A new study, published in The Lancet Rheumatology, examines the effectiveness of the immunotherapy drug anakinra for COVID-19 treatment.
The number of people with COVID-19 continues to rise across the globe. Although most cases are mild, some people may experience more severe symptoms and require hospitalization. It is important that treatment is found to help people recover from critical cases of COVID-19, as some people cannot fight off the virus easily. This will help improve patient outcomes and prevent excess strain on crowded hospitals until a vaccine for COVID-19 is developed.
Cytokines are an essential part of the immune system, and they are necessary to help clear infections from the body. People with severe forms of COVID-19 experience a strong inflammatory response that stimulates the overproduction of cytokines, which can result in acute respiratory distress syndrome (ARDS). Since ARDS is the primary cause of death from COVID-19, it is important to reduce this risk.

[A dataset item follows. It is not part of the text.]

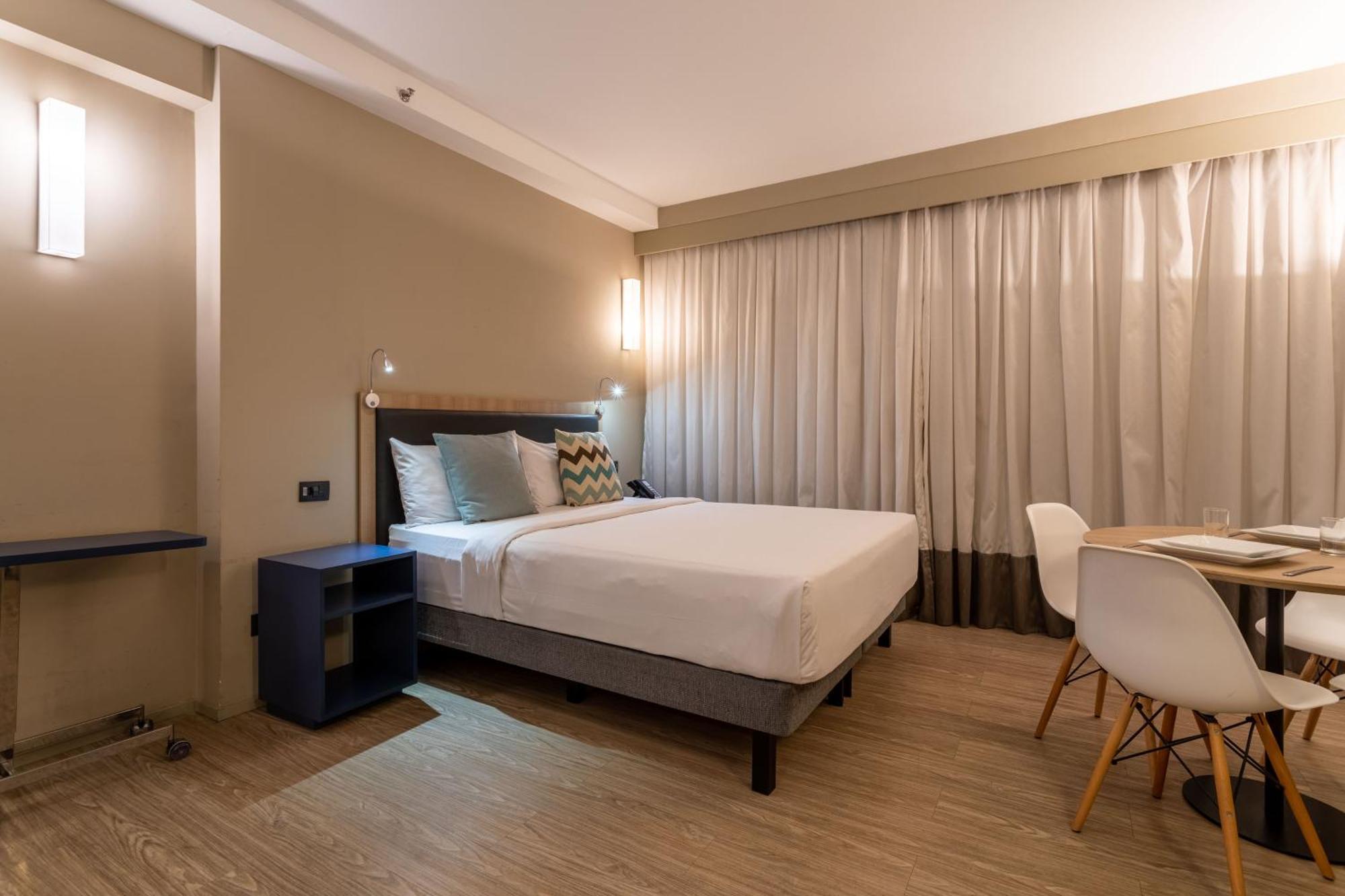Charlie Alphaville Apartment *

Some researchers believe that certain immunotherapy drugs can help prevent ARDS because the immune system plays a major role in the development of ARDS. One example of this is the drug anakinra, which has primarily been used to treat rheumatoid arthritis. Anakinra blocks a pro-inflammatory cytokine called IL-1 and it is believed to reduce the severity of the inflammatory response. To test the effectiveness of anakinra for COVID-19, a study was conducted in Italy and published in The Lancet Rheumatology.
The study included 45 COVID-19 hospital patients aged 18 or older with moderate-to-severe ARDS. The treatment group consisted of 29 patients who received 5mg/kg body weight intravenous anakinra twice daily in addition to standard treatment and non-invasive ventilation. The control group consisted of 16 patients who received only standard treatment and non-invasive ventilation. For reference, the standard treatment was two daily oral doses each of 400mg lopinavir, 100mg ritonavir, and 200mg hydroxychloroquine.

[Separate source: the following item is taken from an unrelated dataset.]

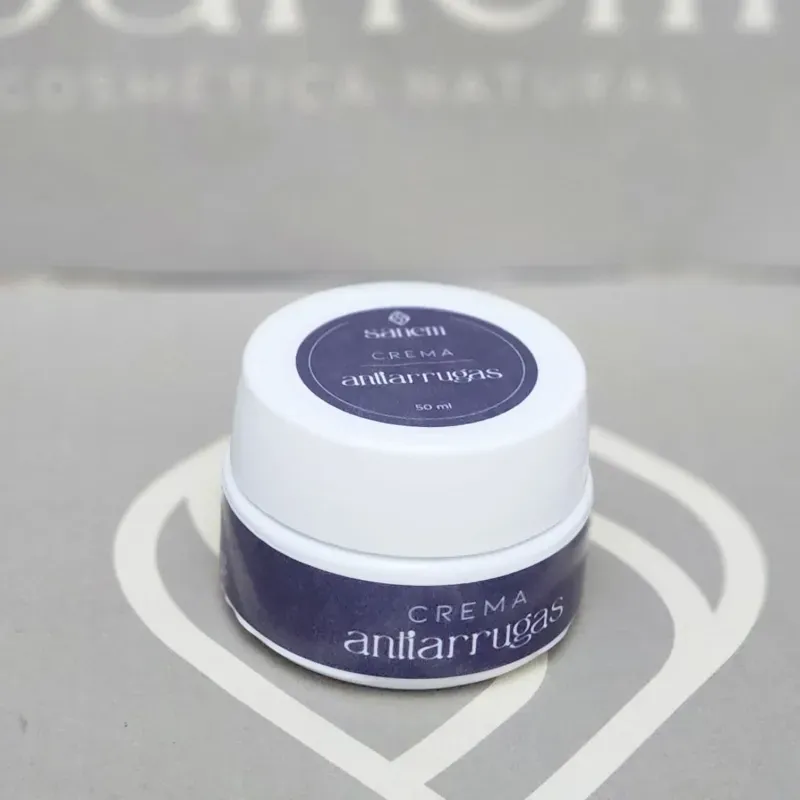 Crema antiarrugas de retinol y niacinamida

After 21 days, 72% of the treatment group showed improvement in respiratory function compared to 50% of the control group, while 17% of the treatment group went on mechanical ventilation compared to 6% of the control group. Moreover, 10% of the treatment group passed away compared to 44% of the control group. Bacteraemia, or the presence of bacteria in typically sterile blood, was observed in 14% of the treatment group and 13% of the control group.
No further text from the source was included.